▸ **WORK TASK**: Up to and including the line that contains "SCHNEIDER ELECTRIC LC1D12BD", reproduce every line exactly, beginning with the first line below.

▸ **MATERIAL TO PROCESS**:
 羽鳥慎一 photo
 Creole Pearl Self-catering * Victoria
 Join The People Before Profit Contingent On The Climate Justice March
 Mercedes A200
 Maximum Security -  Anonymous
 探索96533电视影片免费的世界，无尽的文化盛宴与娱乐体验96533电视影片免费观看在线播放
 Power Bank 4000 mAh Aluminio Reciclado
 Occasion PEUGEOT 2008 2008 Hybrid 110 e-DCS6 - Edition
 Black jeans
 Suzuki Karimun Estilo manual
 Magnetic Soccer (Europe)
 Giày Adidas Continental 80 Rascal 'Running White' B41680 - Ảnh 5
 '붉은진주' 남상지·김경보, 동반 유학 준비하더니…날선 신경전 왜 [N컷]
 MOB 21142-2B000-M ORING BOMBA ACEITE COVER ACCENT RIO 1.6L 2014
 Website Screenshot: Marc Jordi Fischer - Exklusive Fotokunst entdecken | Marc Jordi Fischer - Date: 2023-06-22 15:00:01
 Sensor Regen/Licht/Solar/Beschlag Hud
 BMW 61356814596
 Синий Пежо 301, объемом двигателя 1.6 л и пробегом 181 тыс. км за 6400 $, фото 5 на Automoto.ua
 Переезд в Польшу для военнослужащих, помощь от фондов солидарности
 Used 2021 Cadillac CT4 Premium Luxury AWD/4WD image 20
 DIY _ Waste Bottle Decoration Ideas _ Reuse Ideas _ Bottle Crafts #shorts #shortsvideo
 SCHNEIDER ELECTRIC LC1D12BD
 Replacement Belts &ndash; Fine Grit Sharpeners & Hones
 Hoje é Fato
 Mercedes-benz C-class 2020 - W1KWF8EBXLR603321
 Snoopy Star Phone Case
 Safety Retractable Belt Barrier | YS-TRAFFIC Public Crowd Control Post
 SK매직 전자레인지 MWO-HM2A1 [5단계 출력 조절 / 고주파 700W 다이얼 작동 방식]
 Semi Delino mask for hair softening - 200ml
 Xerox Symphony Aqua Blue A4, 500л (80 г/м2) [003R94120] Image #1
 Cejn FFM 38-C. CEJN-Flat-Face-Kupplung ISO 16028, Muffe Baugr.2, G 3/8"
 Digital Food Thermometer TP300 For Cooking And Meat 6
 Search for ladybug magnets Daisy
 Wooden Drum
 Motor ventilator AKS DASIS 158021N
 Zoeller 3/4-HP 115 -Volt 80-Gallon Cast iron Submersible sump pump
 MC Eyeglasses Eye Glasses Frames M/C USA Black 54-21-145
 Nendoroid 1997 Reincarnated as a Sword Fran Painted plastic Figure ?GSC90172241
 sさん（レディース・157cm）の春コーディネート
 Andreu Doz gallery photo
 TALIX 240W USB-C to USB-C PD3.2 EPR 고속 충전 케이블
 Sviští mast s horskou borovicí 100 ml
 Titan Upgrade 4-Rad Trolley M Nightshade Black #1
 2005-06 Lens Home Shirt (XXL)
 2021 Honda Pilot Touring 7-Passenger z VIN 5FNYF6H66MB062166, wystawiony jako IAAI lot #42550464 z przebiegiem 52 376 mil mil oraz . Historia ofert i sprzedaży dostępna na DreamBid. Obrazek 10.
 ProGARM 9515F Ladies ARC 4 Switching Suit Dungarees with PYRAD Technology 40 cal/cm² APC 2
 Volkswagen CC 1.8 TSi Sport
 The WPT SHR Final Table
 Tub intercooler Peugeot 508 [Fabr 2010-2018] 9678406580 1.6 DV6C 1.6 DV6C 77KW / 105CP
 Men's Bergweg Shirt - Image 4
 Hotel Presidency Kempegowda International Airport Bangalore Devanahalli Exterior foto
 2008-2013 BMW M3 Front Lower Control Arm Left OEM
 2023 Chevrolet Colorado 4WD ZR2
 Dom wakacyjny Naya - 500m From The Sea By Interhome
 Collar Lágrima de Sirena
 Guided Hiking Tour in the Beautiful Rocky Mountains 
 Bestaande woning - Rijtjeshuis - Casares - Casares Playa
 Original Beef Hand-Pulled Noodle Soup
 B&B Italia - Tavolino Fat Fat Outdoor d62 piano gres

▸ **WRITTEN SOLUTION**:
 羽鳥慎一 photo
 Creole Pearl Self-catering * Victoria
 Join The People Before Profit Contingent On The Climate Justice March
 Mercedes A200
 Maximum Security -  Anonymous
 探索96533电视影片免费的世界，无尽的文化盛宴与娱乐体验96533电视影片免费观看在线播放
 Power Bank 4000 mAh Aluminio Reciclado
 Occasion PEUGEOT 2008 2008 Hybrid 110 e-DCS6 - Edition
 Black jeans
 Suzuki Karimun Estilo manual
 Magnetic Soccer (Europe)
 Giày Adidas Continental 80 Rascal 'Running White' B41680 - Ảnh 5
 '붉은진주' 남상지·김경보, 동반 유학 준비하더니…날선 신경전 왜 [N컷]
 MOB 21142-2B000-M ORING BOMBA ACEITE COVER ACCENT RIO 1.6L 2014
 Website Screenshot: Marc Jordi Fischer - Exklusive Fotokunst entdecken | Marc Jordi Fischer - Date: 2023-06-22 15:00:01
 Sensor Regen/Licht/Solar/Beschlag Hud
 BMW 61356814596
 Синий Пежо 301, объемом двигателя 1.6 л и пробегом 181 тыс. км за 6400 $, фото 5 на Automoto.ua
 Переезд в Польшу для военнослужащих, помощь от фондов солидарности
 Used 2021 Cadillac CT4 Premium Luxury AWD/4WD image 20
 DIY _ Waste Bottle Decoration Ideas _ Reuse Ideas _ Bottle Crafts #shorts #shortsvideo
 SCHNEIDER ELECTRIC LC1D12BD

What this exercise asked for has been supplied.